Assigned task:
Retype, word for word, each line between the lines holding "Cappotto vintage arancio in panno casentino" and "Bahubali Jhumka Hair Chain Set-02 (Golden)", inclusive, and leave the rest of the data alone.
----- Provided material -----
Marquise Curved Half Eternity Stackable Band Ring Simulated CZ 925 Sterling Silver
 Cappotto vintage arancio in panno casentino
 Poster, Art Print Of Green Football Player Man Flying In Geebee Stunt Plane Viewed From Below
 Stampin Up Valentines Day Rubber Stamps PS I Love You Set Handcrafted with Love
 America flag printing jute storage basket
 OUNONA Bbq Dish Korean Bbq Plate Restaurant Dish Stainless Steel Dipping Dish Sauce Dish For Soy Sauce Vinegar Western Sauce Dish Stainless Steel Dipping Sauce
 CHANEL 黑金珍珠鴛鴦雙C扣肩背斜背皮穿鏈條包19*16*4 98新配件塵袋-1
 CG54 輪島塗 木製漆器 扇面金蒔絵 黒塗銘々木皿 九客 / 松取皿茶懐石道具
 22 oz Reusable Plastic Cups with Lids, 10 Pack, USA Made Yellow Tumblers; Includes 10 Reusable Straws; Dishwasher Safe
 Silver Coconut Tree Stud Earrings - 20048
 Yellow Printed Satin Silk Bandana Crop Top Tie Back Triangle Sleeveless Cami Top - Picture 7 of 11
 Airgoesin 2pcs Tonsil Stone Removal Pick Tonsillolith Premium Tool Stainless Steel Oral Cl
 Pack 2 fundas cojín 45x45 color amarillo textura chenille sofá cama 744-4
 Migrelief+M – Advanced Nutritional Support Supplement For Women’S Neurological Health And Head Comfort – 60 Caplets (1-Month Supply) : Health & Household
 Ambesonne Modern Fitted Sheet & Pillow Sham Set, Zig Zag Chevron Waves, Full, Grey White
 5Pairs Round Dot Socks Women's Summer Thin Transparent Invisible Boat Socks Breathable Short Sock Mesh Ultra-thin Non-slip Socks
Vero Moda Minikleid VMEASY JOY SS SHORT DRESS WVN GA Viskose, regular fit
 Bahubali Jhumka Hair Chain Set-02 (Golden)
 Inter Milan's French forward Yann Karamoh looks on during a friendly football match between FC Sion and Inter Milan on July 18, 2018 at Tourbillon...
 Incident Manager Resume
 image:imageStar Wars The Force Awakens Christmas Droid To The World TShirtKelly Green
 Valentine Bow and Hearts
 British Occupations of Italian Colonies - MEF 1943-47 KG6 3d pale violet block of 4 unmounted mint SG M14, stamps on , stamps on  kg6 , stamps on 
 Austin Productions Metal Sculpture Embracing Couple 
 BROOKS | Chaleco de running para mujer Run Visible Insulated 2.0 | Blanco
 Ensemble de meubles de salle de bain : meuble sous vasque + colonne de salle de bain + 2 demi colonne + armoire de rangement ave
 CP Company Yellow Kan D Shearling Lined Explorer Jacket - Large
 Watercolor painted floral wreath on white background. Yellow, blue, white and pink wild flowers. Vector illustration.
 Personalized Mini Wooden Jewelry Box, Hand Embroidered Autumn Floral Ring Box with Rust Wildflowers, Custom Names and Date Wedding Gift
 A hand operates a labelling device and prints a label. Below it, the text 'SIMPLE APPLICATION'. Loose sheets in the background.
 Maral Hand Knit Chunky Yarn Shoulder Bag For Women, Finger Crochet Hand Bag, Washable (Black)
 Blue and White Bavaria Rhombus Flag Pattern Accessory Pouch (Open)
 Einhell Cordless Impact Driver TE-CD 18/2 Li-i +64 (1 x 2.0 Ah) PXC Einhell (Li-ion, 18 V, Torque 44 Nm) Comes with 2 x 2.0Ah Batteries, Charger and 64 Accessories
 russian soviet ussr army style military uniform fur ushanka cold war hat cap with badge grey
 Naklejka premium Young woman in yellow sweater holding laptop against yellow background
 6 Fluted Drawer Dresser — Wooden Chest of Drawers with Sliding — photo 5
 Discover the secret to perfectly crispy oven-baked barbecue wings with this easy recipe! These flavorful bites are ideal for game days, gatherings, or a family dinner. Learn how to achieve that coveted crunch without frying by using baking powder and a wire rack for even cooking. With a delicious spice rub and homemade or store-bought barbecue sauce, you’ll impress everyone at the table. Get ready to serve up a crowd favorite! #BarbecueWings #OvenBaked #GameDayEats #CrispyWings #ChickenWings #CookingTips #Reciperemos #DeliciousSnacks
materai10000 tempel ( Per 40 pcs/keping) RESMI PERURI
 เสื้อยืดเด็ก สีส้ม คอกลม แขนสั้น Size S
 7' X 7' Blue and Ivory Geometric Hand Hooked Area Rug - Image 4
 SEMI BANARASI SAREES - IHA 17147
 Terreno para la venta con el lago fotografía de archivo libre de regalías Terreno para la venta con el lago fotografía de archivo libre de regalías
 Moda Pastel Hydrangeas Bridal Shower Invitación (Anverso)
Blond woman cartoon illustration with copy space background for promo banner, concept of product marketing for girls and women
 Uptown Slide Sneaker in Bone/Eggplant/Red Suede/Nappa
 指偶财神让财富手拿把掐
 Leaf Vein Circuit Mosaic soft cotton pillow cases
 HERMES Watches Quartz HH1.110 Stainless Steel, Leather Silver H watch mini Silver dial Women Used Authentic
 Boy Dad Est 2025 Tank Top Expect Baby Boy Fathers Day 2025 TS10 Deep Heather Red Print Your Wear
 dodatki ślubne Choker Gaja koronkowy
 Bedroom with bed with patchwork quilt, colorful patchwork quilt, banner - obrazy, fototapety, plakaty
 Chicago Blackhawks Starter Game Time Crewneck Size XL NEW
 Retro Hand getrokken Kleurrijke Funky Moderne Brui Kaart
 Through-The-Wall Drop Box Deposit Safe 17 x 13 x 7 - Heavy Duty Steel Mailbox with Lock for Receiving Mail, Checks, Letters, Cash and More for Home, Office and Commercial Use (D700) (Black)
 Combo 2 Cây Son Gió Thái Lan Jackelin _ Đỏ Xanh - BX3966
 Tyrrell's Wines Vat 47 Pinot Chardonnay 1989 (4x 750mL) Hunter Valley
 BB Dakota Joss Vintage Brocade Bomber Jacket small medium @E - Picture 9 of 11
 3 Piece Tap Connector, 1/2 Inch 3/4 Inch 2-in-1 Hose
-----
Task solution:
 Cappotto vintage arancio in panno casentino
 Poster, Art Print Of Green Football Player Man Flying In Geebee Stunt Plane Viewed From Below
 Stampin Up Valentines Day Rubber Stamps PS I Love You Set Handcrafted with Love
 America flag printing jute storage basket
 OUNONA Bbq Dish Korean Bbq Plate Restaurant Dish Stainless Steel Dipping Dish Sauce Dish For Soy Sauce Vinegar Western Sauce Dish Stainless Steel Dipping Sauce
 CHANEL 黑金珍珠鴛鴦雙C扣肩背斜背皮穿鏈條包19*16*4 98新配件塵袋-1
 CG54 輪島塗 木製漆器 扇面金蒔絵 黒塗銘々木皿 九客 / 松取皿茶懐石道具
 22 oz Reusable Plastic Cups with Lids, 10 Pack, USA Made Yellow Tumblers; Includes 10 Reusable Straws; Dishwasher Safe
 Silver Coconut Tree Stud Earrings - 20048
 Yellow Printed Satin Silk Bandana Crop Top Tie Back Triangle Sleeveless Cami Top - Picture 7 of 11
 Airgoesin 2pcs Tonsil Stone Removal Pick Tonsillolith Premium Tool Stainless Steel Oral Cl
 Pack 2 fundas cojín 45x45 color amarillo textura chenille sofá cama 744-4
 Migrelief+M – Advanced Nutritional Support Supplement For Women’S Neurological Health And Head Comfort – 60 Caplets (1-Month Supply) : Health & Household
 Ambesonne Modern Fitted Sheet & Pillow Sham Set, Zig Zag Chevron Waves, Full, Grey White
 5Pairs Round Dot Socks Women's Summer Thin Transparent Invisible Boat Socks Breathable Short Sock Mesh Ultra-thin Non-slip Socks
Vero Moda Minikleid VMEASY JOY SS SHORT DRESS WVN GA Viskose, regular fit
 Bahubali Jhumka Hair Chain Set-02 (Golden)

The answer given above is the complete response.